DPR Desak Praktik <i>Bullying</i> Mahasiswa Program Dokter Spesialis Dihentikan

DPR Desak Praktik Bullying Mahasiswa Program Dokter Spesialis Dihentikan

Nasional | okezone | Selasa, 20 Agustus 2024 - 21:07
share

JAKARTA - Anggota Komisi IX DPR Arzeti Bilbina mendesak Pemerintah untuk segera mengambil langkah komprehensif untuk menghentikan praktik bullying pada Program Pendidikan Dokter Spesialis (PPDS). Desakan dilayangkan setelah ada kasus kematian dokter peserta PPDS dari jurusan spesialis Anestesi di Fakultas Kedokteran Universitas Diponegoro (FK Undip), Semarang.

"Tindakan bullying adalah peristiwa yang sangat tragis dan menyedihkan. Jangan sampai ada pembiaran bullying di lingkungan pendidikan. Harus segera dihentikan dengan putus mata rantainya," kata Arzeti dalam keterangan tertulis, Selasa (20/8/2024).

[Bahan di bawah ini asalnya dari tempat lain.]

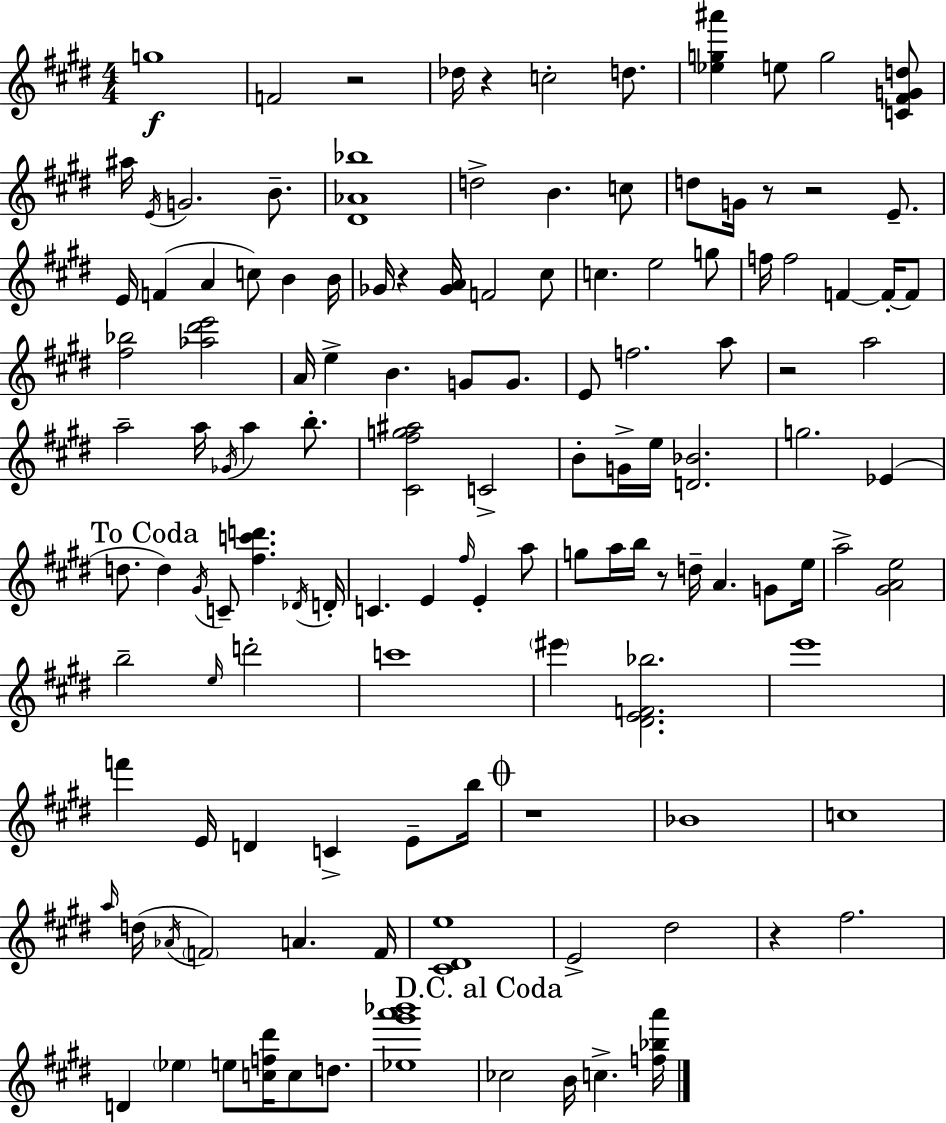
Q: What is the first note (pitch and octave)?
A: G5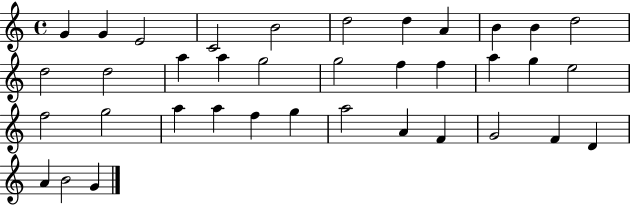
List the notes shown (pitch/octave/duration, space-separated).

G4/q G4/q E4/h C4/h B4/h D5/h D5/q A4/q B4/q B4/q D5/h D5/h D5/h A5/q A5/q G5/h G5/h F5/q F5/q A5/q G5/q E5/h F5/h G5/h A5/q A5/q F5/q G5/q A5/h A4/q F4/q G4/h F4/q D4/q A4/q B4/h G4/q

Arzeti pun mengatakan, perlu ada penyelidikan menyeluruh di semua PPDS yang ada di Indonesia untuk mengetahui tentang budaya perundungan di lingkungan pendidikan kedokteran spesialis.

Ini untuk mengetahui, mana-mana saja PPDS yang kental dengan budaya perundungan. Mungkin tidak di semua program, tapi penyelidikan menyeluruh dapat memetakan masalah budaya bullying yang sudah sangat mengkhawatirkan ini, tuturnya.

Penyelidikan harus dilakukan secara menyeluruh ke semua jurusan PPDS agar upaya memutus rantai bullying bisa dilakukan dengan maksimal dan optimal. Pengawasan di setiap program juga harus dilakukan dengan maksimal, sambung Arzeti.

Lebih lanjut, Legislator dari Dapil Jawa Timur I ini menekankan budaya bullying di lingkungan pendidikan harus dihapuskan apapun bentuknya. Baik verbal maupun non-verbal, Arzeti menyebut tindakan perundungan tidak dapat dibenarkan.

"Tradisi bullying harus disetop, tidak ada pembenaran dari aksi perundungan apapun alasannya. Ini tindakan tidak bermoral dan tidak manusiawi, tegasnya.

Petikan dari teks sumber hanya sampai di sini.